Bildungsflash fordert mehr Bildungsgerechtigkeit: "Rhythmisierter Ganztag ist zentraler Baustein"

Der Kampf für bessere Bildung geht weiter. Am 5. Dezember überreichte das Forum Bildungspolitik in Bayern dem neuen Bildungsausschuss im Landtag ein Paket mit bildungspolitischen Forderungen, 35.000 Stimmen von Unterstützern der Initiative Bildungsflash und 150 handgeschriebenen Postkarten mit Wünschen an die Bildungspolitik.
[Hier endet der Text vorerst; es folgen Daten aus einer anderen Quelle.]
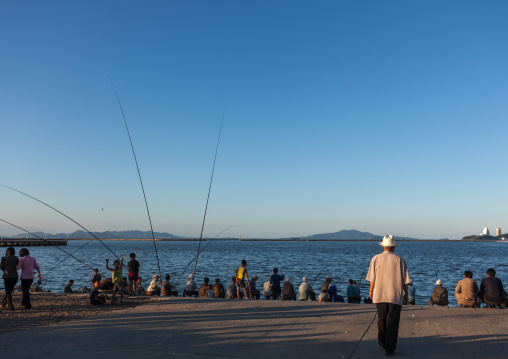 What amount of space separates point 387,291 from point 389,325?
485 mm

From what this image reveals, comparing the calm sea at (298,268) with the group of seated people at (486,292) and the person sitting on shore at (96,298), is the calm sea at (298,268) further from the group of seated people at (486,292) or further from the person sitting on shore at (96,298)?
the group of seated people at (486,292)

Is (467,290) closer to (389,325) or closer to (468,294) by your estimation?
(468,294)

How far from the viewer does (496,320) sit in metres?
8.18

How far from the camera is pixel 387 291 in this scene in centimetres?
605

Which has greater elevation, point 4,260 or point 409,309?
point 4,260

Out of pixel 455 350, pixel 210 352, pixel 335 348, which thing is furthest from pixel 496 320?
pixel 210 352

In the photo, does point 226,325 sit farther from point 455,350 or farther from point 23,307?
point 23,307

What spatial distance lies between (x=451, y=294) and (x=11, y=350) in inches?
867

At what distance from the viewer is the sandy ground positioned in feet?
27.7

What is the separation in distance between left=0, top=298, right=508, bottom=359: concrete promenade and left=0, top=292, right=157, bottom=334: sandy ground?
0.63 metres

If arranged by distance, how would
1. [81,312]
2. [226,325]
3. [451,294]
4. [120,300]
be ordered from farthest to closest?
[451,294]
[120,300]
[81,312]
[226,325]

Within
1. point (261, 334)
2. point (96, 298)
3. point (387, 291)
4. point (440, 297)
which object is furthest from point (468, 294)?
point (96, 298)

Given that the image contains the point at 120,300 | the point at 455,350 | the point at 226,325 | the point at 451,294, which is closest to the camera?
the point at 455,350

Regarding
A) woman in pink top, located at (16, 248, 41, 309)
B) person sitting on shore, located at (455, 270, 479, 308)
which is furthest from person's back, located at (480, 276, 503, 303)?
woman in pink top, located at (16, 248, 41, 309) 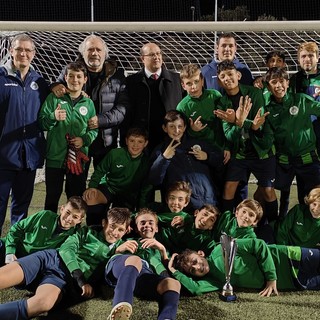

Dazu einen Film, in dem die Initiative Bildungsflash, die schon den Landtagswahlkampf begleitet hatte, acht Monate Kampagnenarbeit zusammengefasst hat, mit Filmausschnitten aus der Schülerkampagne WIR SIND VIELE 2013 und der Schülerdemonstration in München.

05.12.2013 Pressemeldung Bayerischer Lehrer- und Lehrerinnenverband (BLLV) e.V.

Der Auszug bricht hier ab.